Below the Canopy with Jesse Saindon: Native Seeds to Thriving Forests
By Monica Allaby, Posted on October 2, 2022
On just five acres of land, Jesse Saindon is growing a unique mix of native hardwood trees, including bur oak: an ecologically and culturally significant tree species.
In September, Community Forests International launched Below the Canopy, a podcast that explores the relationships between people and forests—with a focus on the Wabanaki forest. Our host, Megan de Graaf, has interviewed inspiring guests on topics such as Wabanaki forest management, the connections between Indigenous languages and ecosystems, and two-eyed seeing.
In our latest episode, Megan spoke to Jesse Saindon, the owner of Liberty Tree Nursery in Beaver Dam, New Brunswick. Jesse grows a unique mix of hardwood trees native to the Wabanaki forest. Jesse explains what inspired him to open Liberty Tree Nursery, his process for collecting locally-adapted seeds, and his motivations for growing bur oak—an ecologically and culturally significant tree species that is now rare in New Brunswick.
On the podcast, Jesse describes the importance of bur oak to Megan.
Megan: Can you tell us a little bit more about what’s so special about bur oak and where they grow? Tell us a little bit about their range here.

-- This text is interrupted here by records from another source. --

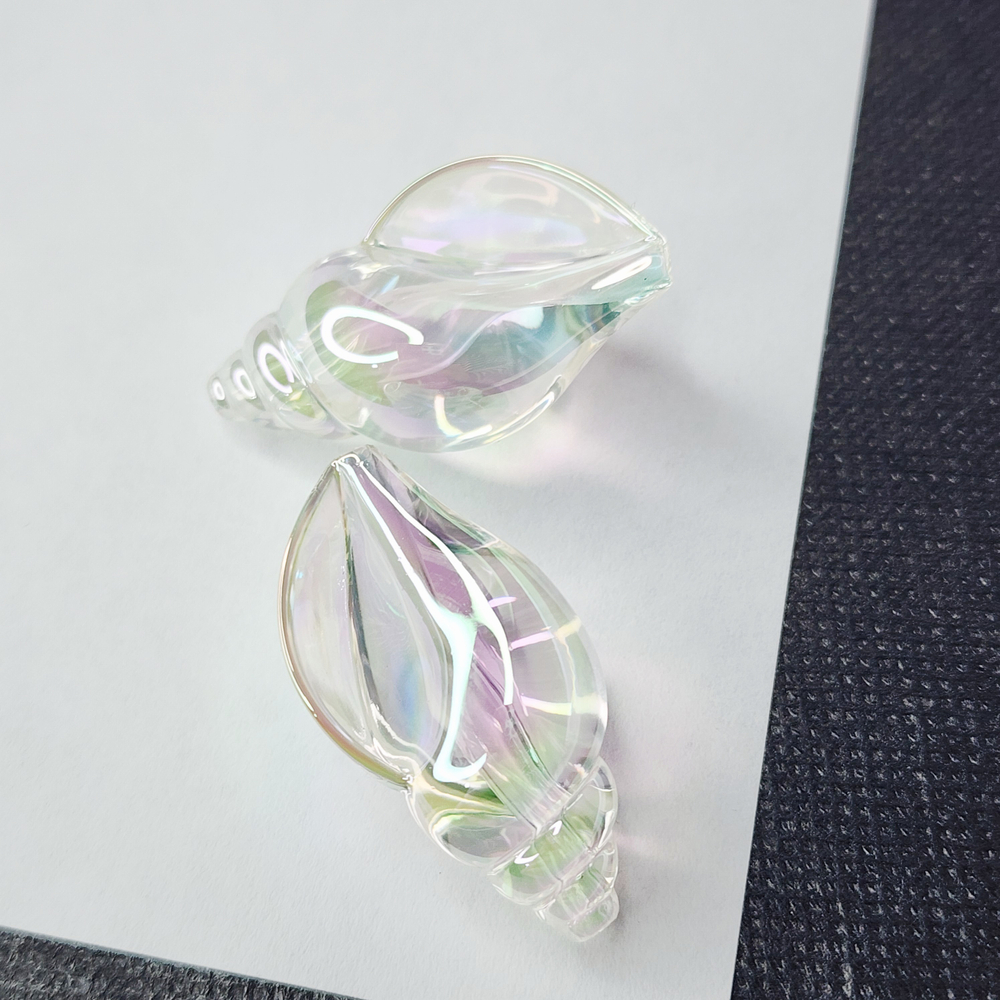 Бусина ракушка, акрил, АВ, морская раковина, р-р 38×21мм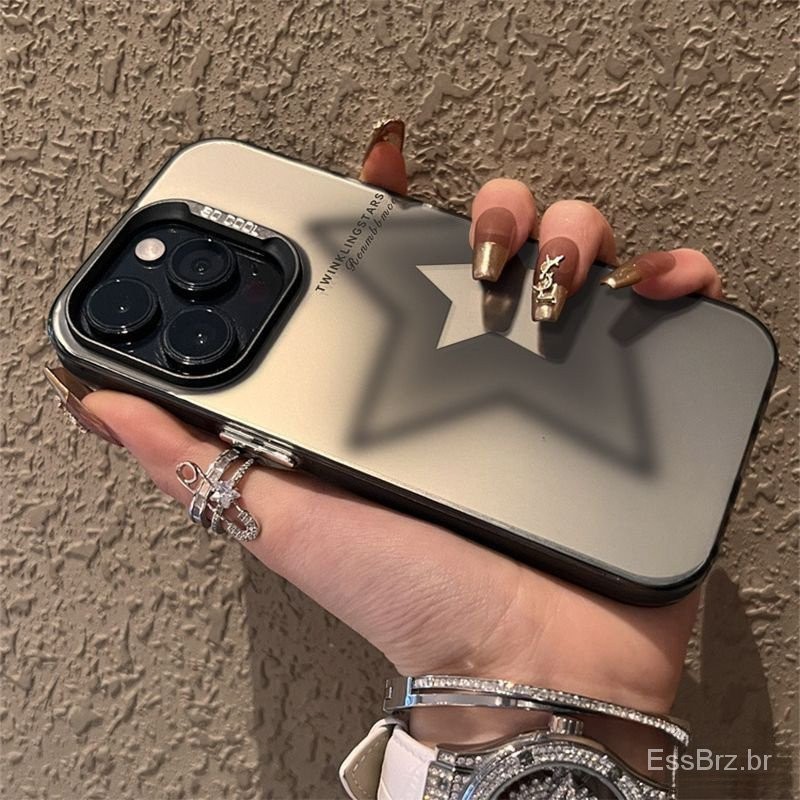 Capa de telefone para Iphone 15 12pro 14plus 11 12 13 14 15promax X XSMAX XR 7 8plus Ins vento gradiente estrela fosca de cinco pontas prata grande furo protetor pacote AJ8L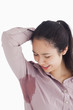 Woman looking at sweat patches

Jesse: In New Brunswick specifically, they have a very small range, which it’s pretty much limited to the lower St. John river valley. Our particular population of bur oak in New Brunswick is very separated from the main range, which is from, I think Saskatchewan down to Texas and over, across to New York state—western New York state, something like that.
And then really there’s just a couple little disjunct pockets of the population. So, there’s one here in New Brunswick and there’s one in central Maine. And then I think a few in Massachusetts, New Hampshire, but really these are just like tiny little pockets of bur oak.
But the big range is really in central North America. We’re at the far northeastern end of the range. And I think that’s very special because if you just go over to Cambridge-Narrows—somewhere over there in New Brunswick—somewhere over there is the most northeastern natural bur oak in North America. That’s really cool to me.
Megan: Can you tell us a little bit more about bur oak as a tree? Because I suspect a number of people who will listen to this podcast maybe aren’t familiar with bur oaks.
Jesse: The scientific name for bur is quercus macrocarpa, which means an oak with big fruits. Ironically in New Brunswick, it doesn’t actually really have big acorns. When you get down into Missouri and Kansas, you tend to find ones that are just massive. They’re the biggest acorns in north America.
But in New Brunswick for whatever reason, I don’t know if it’s because of the climate, they just don’t get as big. So that’s not the best description of bur oak in New Brunswick.
So, bur oaks are in the white oak group. Red oaks in eastern North America, those are in the red oak group. There are some slight differences between them. Bur oak grow their acorns in one year whereas red oaks take two years to fully develop an acorn.
As a tree, it lives a long time. So, some of the big trees we have in New Brunswick are 200-300 years old. I don’t know exactly how old they are, but they’re some of the biggest trees in the province if you can get out and see them. And they’re just sturdy, they look kind of like haunted house trees, just because they’re so massive.
And they’re great habitat for wildlife. They provide a lot of food for bluejays, squirrels, and deer.
Megan: Do you know why it’s so rare in New Brunswick today? Why is it that we have a population here and this is kind of it for New Brunswick or for many kilometres?
Jesse: I’m not sure why it’s so separated. There’s a pretty good theory that First Nations people and their ancestors brought them here along the trading routes because it does line up pretty well with those historic routes, like the travel routes, because the next population is in Maine where people would’ve stopped over when they were travelling.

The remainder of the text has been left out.